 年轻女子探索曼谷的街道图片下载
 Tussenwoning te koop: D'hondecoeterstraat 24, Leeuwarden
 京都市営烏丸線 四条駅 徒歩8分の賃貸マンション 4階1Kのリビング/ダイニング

Problem description — Leaving out every line before the one with "Tussenwoning te koop: D'hondecoeterstraat", print the rest of the listing above exactly, through its final line.

Finished task —
 Tussenwoning te koop: D'hondecoeterstraat 24, Leeuwarden
 京都市営烏丸線 四条駅 徒歩8分の賃貸マンション 4階1Kのリビング/ダイニング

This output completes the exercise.